**Material provided**
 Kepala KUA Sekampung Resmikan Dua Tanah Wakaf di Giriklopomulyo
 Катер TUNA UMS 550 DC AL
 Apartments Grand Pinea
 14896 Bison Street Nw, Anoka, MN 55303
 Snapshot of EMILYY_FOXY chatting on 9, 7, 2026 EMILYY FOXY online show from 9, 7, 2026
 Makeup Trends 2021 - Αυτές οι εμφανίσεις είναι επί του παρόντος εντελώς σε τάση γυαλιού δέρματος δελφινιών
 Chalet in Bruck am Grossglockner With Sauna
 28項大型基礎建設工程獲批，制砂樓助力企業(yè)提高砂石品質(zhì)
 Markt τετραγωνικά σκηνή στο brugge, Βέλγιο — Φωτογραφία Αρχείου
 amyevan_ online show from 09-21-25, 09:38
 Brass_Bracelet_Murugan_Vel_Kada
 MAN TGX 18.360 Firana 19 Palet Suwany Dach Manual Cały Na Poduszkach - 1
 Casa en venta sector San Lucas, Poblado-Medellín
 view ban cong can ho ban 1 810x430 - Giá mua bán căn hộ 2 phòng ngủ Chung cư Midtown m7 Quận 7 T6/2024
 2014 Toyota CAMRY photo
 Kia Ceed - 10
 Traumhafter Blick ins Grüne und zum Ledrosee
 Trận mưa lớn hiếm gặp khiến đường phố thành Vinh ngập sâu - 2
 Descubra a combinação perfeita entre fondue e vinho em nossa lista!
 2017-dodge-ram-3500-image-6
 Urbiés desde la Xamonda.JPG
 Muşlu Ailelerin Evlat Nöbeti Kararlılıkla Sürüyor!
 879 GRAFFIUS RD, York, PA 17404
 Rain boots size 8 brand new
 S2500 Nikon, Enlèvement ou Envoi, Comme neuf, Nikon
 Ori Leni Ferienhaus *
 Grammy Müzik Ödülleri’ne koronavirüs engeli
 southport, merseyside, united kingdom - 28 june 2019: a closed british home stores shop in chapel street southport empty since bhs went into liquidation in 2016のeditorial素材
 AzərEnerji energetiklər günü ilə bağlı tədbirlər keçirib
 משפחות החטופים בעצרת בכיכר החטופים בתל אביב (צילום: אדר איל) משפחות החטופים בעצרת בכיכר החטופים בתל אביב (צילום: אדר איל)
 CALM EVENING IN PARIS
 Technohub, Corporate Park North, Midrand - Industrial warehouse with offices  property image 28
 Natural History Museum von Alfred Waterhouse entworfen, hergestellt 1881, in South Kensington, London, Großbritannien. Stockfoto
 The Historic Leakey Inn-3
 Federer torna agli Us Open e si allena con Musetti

**Exercise aim**
Write out the full listing without altering anything.

**Exercise output**
 Kepala KUA Sekampung Resmikan Dua Tanah Wakaf di Giriklopomulyo
 Катер TUNA UMS 550 DC AL
 Apartments Grand Pinea
 14896 Bison Street Nw, Anoka, MN 55303
 Snapshot of EMILYY_FOXY chatting on 9, 7, 2026 EMILYY FOXY online show from 9, 7, 2026
 Makeup Trends 2021 - Αυτές οι εμφανίσεις είναι επί του παρόντος εντελώς σε τάση γυαλιού δέρματος δελφινιών
 Chalet in Bruck am Grossglockner With Sauna
 28項大型基礎建設工程獲批，制砂樓助力企業(yè)提高砂石品質(zhì)
 Markt τετραγωνικά σκηνή στο brugge, Βέλγιο — Φωτογραφία Αρχείου
 amyevan_ online show from 09-21-25, 09:38
 Brass_Bracelet_Murugan_Vel_Kada
 MAN TGX 18.360 Firana 19 Palet Suwany Dach Manual Cały Na Poduszkach - 1
 Casa en venta sector San Lucas, Poblado-Medellín
 view ban cong can ho ban 1 810x430 - Giá mua bán căn hộ 2 phòng ngủ Chung cư Midtown m7 Quận 7 T6/2024
 2014 Toyota CAMRY photo
 Kia Ceed - 10
 Traumhafter Blick ins Grüne und zum Ledrosee
 Trận mưa lớn hiếm gặp khiến đường phố thành Vinh ngập sâu - 2
 Descubra a combinação perfeita entre fondue e vinho em nossa lista!
 2017-dodge-ram-3500-image-6
 Urbiés desde la Xamonda.JPG
 Muşlu Ailelerin Evlat Nöbeti Kararlılıkla Sürüyor!
 879 GRAFFIUS RD, York, PA 17404
 Rain boots size 8 brand new
 S2500 Nikon, Enlèvement ou Envoi, Comme neuf, Nikon
 Ori Leni Ferienhaus *
 Grammy Müzik Ödülleri’ne koronavirüs engeli
 southport, merseyside, united kingdom - 28 june 2019: a closed british home stores shop in chapel street southport empty since bhs went into liquidation in 2016のeditorial素材
 AzərEnerji energetiklər günü ilə bağlı tədbirlər keçirib
 משפחות החטופים בעצרת בכיכר החטופים בתל אביב (צילום: אדר איל) משפחות החטופים בעצרת בכיכר החטופים בתל אביב (צילום: אדר איל)
 CALM EVENING IN PARIS
 Technohub, Corporate Park North, Midrand - Industrial warehouse with offices  property image 28
 Natural History Museum von Alfred Waterhouse entworfen, hergestellt 1881, in South Kensington, London, Großbritannien. Stockfoto
 The Historic Leakey Inn-3
 Federer torna agli Us Open e si allena con Musetti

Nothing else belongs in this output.